**YOUR OBJECTIVE:** Find every line in the entries that holds the string "French" and report it.

**DATA IN THIS EXERCISE:**

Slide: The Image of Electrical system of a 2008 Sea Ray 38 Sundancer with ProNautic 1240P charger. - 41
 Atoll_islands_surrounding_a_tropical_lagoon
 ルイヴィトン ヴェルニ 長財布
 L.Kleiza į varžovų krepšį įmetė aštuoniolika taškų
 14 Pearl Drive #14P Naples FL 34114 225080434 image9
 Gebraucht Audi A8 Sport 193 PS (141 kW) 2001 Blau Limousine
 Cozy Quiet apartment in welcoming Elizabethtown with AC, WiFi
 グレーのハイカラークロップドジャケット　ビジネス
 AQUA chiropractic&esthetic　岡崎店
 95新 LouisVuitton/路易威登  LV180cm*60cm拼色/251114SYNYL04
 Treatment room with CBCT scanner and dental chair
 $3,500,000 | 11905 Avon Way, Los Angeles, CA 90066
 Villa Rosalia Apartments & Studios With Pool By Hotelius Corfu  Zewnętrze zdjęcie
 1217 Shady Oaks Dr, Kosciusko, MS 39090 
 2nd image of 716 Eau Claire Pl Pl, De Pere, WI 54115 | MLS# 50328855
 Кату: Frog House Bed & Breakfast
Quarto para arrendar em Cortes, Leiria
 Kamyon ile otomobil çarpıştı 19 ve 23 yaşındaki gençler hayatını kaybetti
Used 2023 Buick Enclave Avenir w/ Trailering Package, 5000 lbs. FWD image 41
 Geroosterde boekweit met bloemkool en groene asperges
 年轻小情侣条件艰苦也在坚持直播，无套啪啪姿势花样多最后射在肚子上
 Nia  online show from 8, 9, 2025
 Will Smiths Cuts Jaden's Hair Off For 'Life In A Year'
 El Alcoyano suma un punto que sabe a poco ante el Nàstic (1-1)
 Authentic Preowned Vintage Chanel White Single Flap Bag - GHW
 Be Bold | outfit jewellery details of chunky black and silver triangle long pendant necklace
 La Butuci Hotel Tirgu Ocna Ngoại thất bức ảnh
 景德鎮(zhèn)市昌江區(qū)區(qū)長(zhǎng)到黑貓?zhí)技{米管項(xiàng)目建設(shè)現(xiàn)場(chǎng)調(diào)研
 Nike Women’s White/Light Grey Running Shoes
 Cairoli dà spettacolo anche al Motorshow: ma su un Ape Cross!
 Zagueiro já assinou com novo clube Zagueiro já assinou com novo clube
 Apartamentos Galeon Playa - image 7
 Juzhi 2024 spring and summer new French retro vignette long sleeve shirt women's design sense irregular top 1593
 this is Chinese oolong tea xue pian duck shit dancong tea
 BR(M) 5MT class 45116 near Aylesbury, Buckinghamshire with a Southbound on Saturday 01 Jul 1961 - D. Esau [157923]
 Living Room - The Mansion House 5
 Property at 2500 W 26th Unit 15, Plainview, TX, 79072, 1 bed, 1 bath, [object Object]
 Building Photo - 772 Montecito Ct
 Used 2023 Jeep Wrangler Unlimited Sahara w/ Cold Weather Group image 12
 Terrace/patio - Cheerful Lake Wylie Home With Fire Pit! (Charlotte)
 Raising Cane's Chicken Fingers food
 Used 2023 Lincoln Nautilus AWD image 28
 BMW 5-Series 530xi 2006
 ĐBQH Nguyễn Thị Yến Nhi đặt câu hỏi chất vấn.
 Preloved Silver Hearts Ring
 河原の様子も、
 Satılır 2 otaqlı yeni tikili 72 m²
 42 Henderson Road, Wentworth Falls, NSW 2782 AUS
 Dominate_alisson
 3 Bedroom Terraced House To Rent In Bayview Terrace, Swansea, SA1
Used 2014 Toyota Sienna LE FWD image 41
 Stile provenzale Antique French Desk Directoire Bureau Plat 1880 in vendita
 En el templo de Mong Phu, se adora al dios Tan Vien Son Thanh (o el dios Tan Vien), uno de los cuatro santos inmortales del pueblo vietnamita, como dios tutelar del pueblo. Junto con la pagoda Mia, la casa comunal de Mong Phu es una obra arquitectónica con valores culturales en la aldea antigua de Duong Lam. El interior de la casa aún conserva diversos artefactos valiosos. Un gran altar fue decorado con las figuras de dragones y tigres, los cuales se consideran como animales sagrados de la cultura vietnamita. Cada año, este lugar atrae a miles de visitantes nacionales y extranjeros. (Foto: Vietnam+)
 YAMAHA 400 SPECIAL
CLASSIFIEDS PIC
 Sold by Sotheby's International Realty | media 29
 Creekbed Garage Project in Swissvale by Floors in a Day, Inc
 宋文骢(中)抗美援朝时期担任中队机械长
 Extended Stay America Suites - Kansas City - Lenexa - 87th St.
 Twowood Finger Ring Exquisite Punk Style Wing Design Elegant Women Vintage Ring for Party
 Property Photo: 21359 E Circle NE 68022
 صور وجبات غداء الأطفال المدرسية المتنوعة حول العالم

**RESPONSE TO THE TASK:**
 Juzhi 2024 spring and summer new French retro vignette long sleeve shirt women's design sense irregular top 1593
 Stile provenzale Antique French Desk Directoire Bureau Plat 1880 in vendita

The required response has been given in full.